Penn's masterpiece

Data:
Ocena recenzenta: 10/10
Artykuł zawiera spoilery!

(Slight spoilers)
Now that, sadly, Arthur Penn is no longer with us, this film deserves to be re-released. Penn was one of the great enigmas of late 20th Century American cinema. For the 'great public' he was the maker of 'Bonnie & Clyde'. But this magnificent genre-bender - a comic western epic - is his most enduring contribution to cinema.
Dustin Hoffman magnificently plays the centenarian Jack Crabbe who, we are told had survived the Battle of the Little Bighorn. In a series of Citizen Kane-like reminiscence flashbacks we see how he moves back & forth between Indian (Sioux) and white 'invader' society.
But, being an Arthur Penn film, the (then) current ills of society are exquisitely exposed as commercialism, aggression, different varieties of sexuality, alcoholism, and a host of other problems are resonantly and often comically depicted, both in Indian and settler society.

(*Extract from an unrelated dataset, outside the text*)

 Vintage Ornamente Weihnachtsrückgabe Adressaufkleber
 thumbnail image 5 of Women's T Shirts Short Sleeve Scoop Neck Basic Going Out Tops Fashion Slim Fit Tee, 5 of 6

Best of all, Penn really knows how to use the image to extract the maximum of meaning and emotion. Look, for example of the attack on the Indian village... all telephoto close-ups with the snow providing a powerful back-drop.
And the Sioux are, almost without exception, wonderful... 'Human Beings' before they realised that they were 'Native Americans'.
The final scene, where Old Lodge Skins decides that 'this is a good day to die', is one of the most moving and evocative scenes of its era.